_Exercise objective_. For this exercise, copy exactly only the lines from the one containing "2021 Ford F-250" to the final line of the material below, without the pictures.

_Data excerpt_.
- Opening Delimiter -

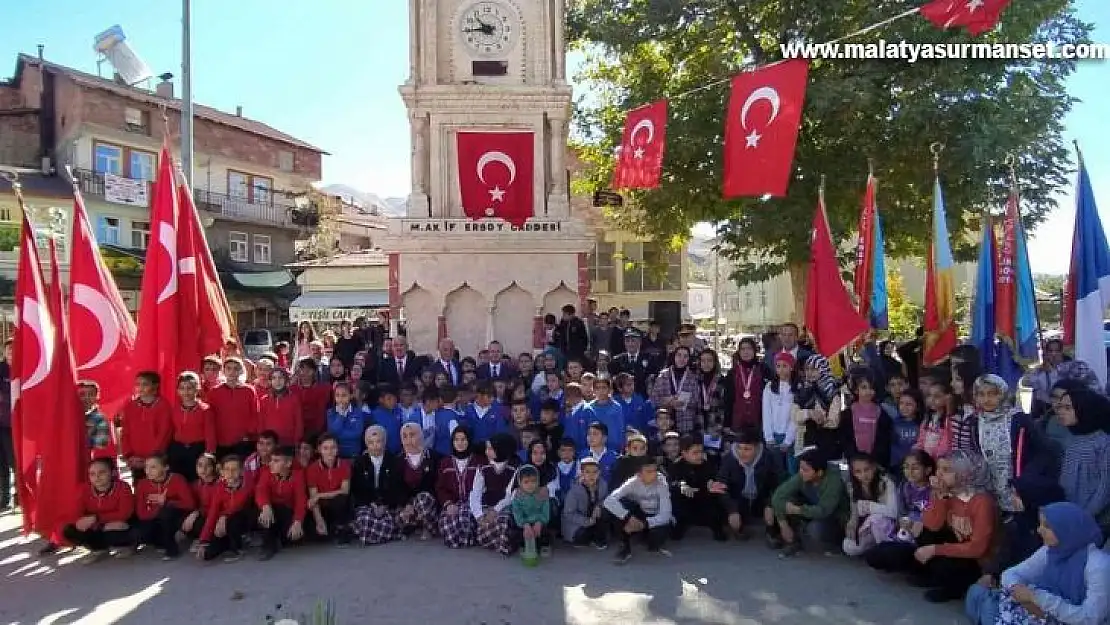 Cumhuriyet Bayramı Çelikhan'da coşkuyla kutlandı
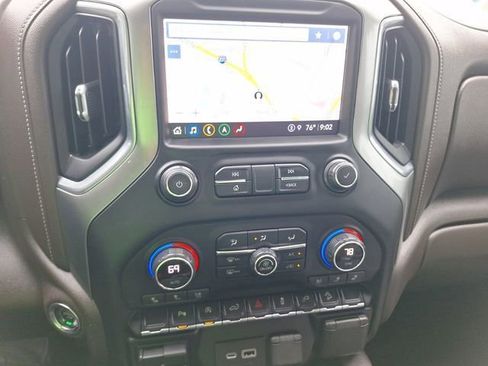 Used 2021 Chevrolet Silverado 1500 LTZ AWD/4WD image 31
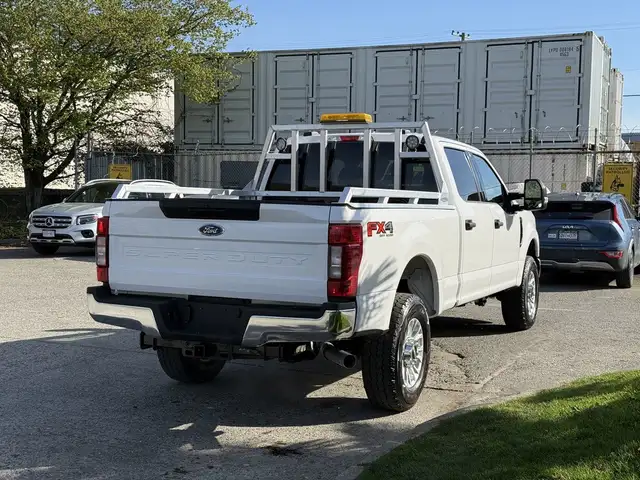 2021 Ford F-250 XLT 4x4 Crew Cab 8 Foot Box with Headache Rack - Photo 10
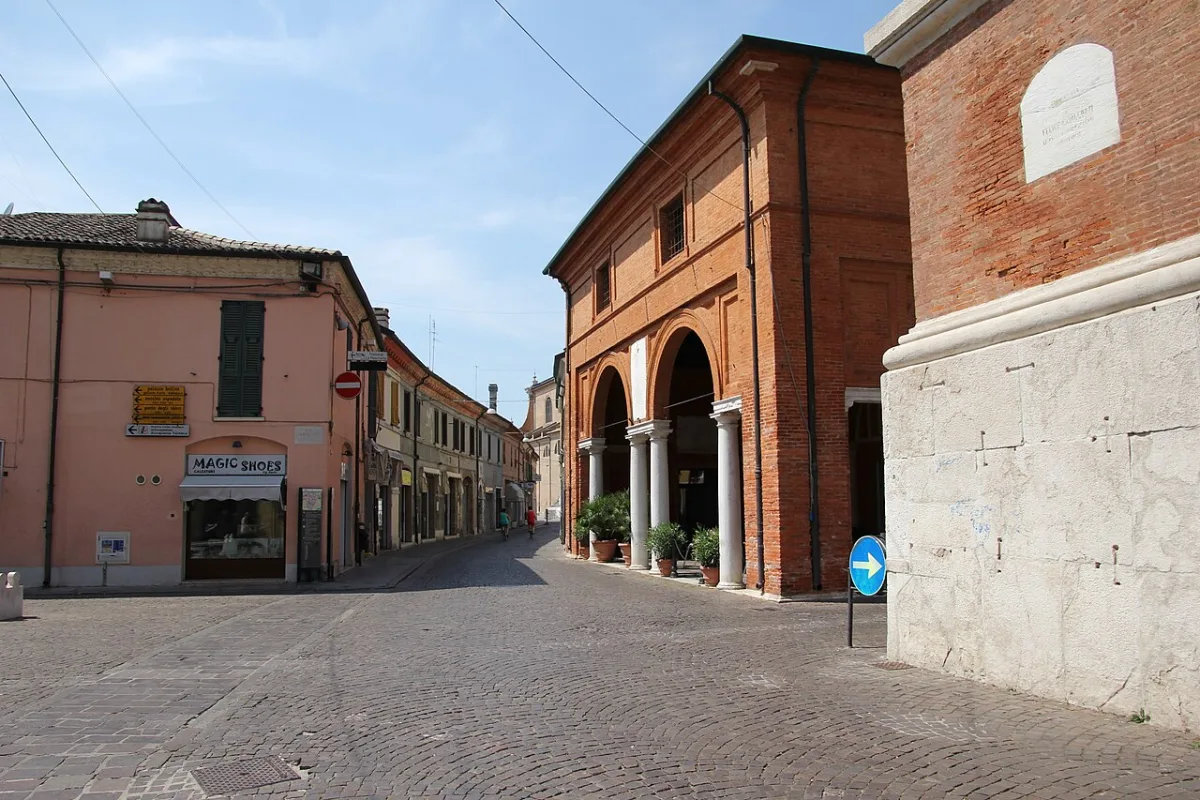 Una strada del centro storico di Comacchio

- Closing Delimiter -

_Task output_.
 2021 Ford F-250 XLT 4x4 Crew Cab 8 Foot Box with Headache Rack - Photo 10
 Una strada del centro storico di Comacchio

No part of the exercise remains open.